TRY IT: Please retype the records below exactly, from the first line down to and including the line with "Burnside Plaid Western".

(Collection entries)
————
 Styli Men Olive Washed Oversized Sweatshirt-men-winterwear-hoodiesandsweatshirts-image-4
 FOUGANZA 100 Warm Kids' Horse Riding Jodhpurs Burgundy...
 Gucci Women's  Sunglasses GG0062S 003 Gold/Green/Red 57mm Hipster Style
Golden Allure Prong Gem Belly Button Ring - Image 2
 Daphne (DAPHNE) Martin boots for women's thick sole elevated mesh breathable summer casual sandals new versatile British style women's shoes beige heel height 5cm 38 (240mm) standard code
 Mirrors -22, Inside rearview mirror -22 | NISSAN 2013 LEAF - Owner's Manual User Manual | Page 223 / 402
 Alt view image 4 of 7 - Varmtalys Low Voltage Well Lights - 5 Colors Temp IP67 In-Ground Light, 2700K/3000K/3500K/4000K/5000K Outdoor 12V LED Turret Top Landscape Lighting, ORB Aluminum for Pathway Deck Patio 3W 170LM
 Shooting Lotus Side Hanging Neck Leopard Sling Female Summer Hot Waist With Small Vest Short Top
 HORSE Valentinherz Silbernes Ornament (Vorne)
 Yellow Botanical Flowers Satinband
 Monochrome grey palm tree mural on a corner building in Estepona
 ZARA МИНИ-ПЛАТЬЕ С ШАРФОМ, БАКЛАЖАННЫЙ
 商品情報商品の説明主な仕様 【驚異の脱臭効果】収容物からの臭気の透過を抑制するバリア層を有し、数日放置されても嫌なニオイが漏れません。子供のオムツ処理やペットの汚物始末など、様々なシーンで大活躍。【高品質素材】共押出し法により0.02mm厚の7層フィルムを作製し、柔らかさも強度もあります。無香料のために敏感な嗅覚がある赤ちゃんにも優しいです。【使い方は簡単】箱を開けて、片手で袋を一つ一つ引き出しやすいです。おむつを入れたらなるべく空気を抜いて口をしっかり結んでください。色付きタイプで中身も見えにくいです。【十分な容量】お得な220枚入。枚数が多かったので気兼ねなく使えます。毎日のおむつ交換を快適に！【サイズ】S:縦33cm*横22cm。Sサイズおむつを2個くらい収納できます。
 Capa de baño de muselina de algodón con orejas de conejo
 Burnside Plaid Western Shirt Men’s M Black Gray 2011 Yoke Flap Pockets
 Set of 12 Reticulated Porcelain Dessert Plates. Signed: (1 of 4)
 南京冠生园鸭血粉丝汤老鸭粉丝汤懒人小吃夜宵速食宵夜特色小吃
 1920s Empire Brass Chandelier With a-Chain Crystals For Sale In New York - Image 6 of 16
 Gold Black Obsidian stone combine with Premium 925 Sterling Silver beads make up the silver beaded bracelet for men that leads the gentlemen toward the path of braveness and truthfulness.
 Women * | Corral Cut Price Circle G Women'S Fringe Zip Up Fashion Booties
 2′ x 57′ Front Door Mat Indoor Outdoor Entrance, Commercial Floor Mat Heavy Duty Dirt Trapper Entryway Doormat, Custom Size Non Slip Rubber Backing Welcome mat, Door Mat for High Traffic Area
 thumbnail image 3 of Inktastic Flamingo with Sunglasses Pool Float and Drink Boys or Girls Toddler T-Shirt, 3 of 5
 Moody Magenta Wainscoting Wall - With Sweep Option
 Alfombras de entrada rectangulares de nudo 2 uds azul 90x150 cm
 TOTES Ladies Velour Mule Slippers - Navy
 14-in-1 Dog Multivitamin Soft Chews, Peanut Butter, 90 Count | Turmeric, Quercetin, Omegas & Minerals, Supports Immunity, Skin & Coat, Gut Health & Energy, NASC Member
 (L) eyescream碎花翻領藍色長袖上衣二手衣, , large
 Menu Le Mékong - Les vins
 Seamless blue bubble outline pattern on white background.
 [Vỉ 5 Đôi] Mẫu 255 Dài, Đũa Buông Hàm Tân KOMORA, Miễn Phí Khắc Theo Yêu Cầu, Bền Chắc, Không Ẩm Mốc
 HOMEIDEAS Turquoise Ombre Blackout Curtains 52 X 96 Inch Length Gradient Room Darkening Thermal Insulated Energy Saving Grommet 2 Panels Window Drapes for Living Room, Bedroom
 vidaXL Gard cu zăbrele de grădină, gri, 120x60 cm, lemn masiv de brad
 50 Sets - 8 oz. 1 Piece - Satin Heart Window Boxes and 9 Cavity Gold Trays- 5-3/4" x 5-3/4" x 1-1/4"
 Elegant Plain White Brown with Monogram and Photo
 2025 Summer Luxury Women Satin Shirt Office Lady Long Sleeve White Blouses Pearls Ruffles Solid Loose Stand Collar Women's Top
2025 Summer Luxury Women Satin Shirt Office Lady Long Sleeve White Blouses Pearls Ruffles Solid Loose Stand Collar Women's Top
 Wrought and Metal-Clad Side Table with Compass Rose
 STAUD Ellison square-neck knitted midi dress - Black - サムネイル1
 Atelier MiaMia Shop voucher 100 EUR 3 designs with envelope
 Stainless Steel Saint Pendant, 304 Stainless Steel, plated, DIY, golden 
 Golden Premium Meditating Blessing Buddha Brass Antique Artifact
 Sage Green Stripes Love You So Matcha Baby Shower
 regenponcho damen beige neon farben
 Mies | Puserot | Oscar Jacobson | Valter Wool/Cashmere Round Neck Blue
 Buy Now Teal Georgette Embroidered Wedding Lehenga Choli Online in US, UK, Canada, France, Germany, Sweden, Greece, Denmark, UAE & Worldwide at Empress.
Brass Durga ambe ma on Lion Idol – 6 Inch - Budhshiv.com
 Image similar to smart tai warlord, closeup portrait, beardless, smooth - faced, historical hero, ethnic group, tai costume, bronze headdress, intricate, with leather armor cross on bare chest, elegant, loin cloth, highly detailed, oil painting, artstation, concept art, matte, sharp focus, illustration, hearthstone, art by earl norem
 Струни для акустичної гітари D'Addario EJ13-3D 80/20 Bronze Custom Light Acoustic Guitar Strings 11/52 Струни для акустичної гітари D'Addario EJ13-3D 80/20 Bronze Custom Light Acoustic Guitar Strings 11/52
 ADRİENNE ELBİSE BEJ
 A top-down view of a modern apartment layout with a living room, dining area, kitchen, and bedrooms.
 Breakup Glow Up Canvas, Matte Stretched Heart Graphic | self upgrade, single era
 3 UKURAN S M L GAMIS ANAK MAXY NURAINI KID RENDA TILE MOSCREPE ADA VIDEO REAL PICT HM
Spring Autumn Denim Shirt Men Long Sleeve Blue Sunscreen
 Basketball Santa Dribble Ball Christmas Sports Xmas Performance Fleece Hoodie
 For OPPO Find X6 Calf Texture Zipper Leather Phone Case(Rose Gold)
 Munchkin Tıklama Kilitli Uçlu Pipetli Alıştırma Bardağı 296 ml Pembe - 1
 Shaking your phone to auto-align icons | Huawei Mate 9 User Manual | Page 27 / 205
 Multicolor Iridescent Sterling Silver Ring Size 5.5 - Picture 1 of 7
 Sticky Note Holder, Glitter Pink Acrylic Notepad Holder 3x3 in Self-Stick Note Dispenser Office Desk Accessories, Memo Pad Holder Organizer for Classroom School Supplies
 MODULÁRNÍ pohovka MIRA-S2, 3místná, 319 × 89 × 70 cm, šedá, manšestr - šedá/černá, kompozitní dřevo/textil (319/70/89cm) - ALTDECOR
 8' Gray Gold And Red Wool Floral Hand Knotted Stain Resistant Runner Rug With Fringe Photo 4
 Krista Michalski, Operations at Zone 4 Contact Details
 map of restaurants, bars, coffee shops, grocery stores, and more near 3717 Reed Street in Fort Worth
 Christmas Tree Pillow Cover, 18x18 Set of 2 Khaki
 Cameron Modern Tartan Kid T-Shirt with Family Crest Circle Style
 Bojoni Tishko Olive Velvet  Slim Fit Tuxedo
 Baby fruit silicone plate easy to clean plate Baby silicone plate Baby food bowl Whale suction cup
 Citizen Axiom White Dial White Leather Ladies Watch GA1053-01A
————
EXPECTED ANSWER:
 Styli Men Olive Washed Oversized Sweatshirt-men-winterwear-hoodiesandsweatshirts-image-4
 FOUGANZA 100 Warm Kids' Horse Riding Jodhpurs Burgundy...
 Gucci Women's  Sunglasses GG0062S 003 Gold/Green/Red 57mm Hipster Style
Golden Allure Prong Gem Belly Button Ring - Image 2
 Daphne (DAPHNE) Martin boots for women's thick sole elevated mesh breathable summer casual sandals new versatile British style women's shoes beige heel height 5cm 38 (240mm) standard code
 Mirrors -22, Inside rearview mirror -22 | NISSAN 2013 LEAF - Owner's Manual User Manual | Page 223 / 402
 Alt view image 4 of 7 - Varmtalys Low Voltage Well Lights - 5 Colors Temp IP67 In-Ground Light, 2700K/3000K/3500K/4000K/5000K Outdoor 12V LED Turret Top Landscape Lighting, ORB Aluminum for Pathway Deck Patio 3W 170LM
 Shooting Lotus Side Hanging Neck Leopard Sling Female Summer Hot Waist With Small Vest Short Top
 HORSE Valentinherz Silbernes Ornament (Vorne)
 Yellow Botanical Flowers Satinband
 Monochrome grey palm tree mural on a corner building in Estepona
 ZARA МИНИ-ПЛАТЬЕ С ШАРФОМ, БАКЛАЖАННЫЙ
 商品情報商品の説明主な仕様 【驚異の脱臭効果】収容物からの臭気の透過を抑制するバリア層を有し、数日放置されても嫌なニオイが漏れません。子供のオムツ処理やペットの汚物始末など、様々なシーンで大活躍。【高品質素材】共押出し法により0.02mm厚の7層フィルムを作製し、柔らかさも強度もあります。無香料のために敏感な嗅覚がある赤ちゃんにも優しいです。【使い方は簡単】箱を開けて、片手で袋を一つ一つ引き出しやすいです。おむつを入れたらなるべく空気を抜いて口をしっかり結んでください。色付きタイプで中身も見えにくいです。【十分な容量】お得な220枚入。枚数が多かったので気兼ねなく使えます。毎日のおむつ交換を快適に！【サイズ】S:縦33cm*横22cm。Sサイズおむつを2個くらい収納できます。
 Capa de baño de muselina de algodón con orejas de conejo
 Burnside Plaid Western Shirt Men’s M Black Gray 2011 Yoke Flap Pockets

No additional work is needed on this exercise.